Il n’est pas rare que la clause d’earn-out prévoie en outre la neutralisation des charges supplémentaires qui seraient supportées par la cible en raison de son intégration dans le groupe de l’acquéreur (tels que les management fees, les frais de restructuration ou de déménagement, les coûts liés au remplacement des fournisseurs et prestataires existants dont les tarifs seraient plus onéreux, ceux relatifs à la mise en place d’une nouvelle politique de tarification commerciale conforme à celle du groupe ou encore à l’harmonisation du statut collectif des salariés, etc.). En sens inverse, la neutralisation peut également conduire à écarter les avantages qui bénéficieraient indûment à la société par l’effet de son intégration, comme les flux intra-groupes effectués en sa faveur par exemple.
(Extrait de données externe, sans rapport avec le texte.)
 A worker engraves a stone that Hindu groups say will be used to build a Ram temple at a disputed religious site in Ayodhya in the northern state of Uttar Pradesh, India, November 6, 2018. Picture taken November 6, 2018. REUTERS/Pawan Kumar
Une telle solution n’est cependant pas la panacée, en raison de sa complexité à mettre en œuvre d’un point de vue opérationnel. Elle ne règle par ailleurs pas complètement le risque d’indétermination du prix au regard des difficultés d’interprétations qu’elle peut susciter. Afin de se prémunir au mieux contre le risque de nullité de la convention, le recours à un tiers expert devra donc être prévu en cas de désaccord des parties.
Plus généralement, au-delà des opérations susceptibles de faire obstacle au calcul du complément de prix, la préservation des intérêts du vendeur implique de tenir compte de l’ensemble des décisions de gestion du cessionnaire pouvant affecter les performances de la cible pendant la période d’earn-out. Sont notamment visées ici l’ensemble des dépenses d’investissement qui seraient engagées dans le but de favoriser le développement de la société sur le long terme mais qui ne se traduiraient par aucun retour sur investissement pendant la période d’earn-out. Sans aller jusqu’à interdire de telles décisions, il sera sage de prévoir leur neutralisation dans le calcul du complément de prix.
Les clauses d’earn-out sont également usuellement complétées par un principe général de gestion de la cible dans le cours normal des affaires et la définition d’une politique de gestion à suivre pendant la période de référence.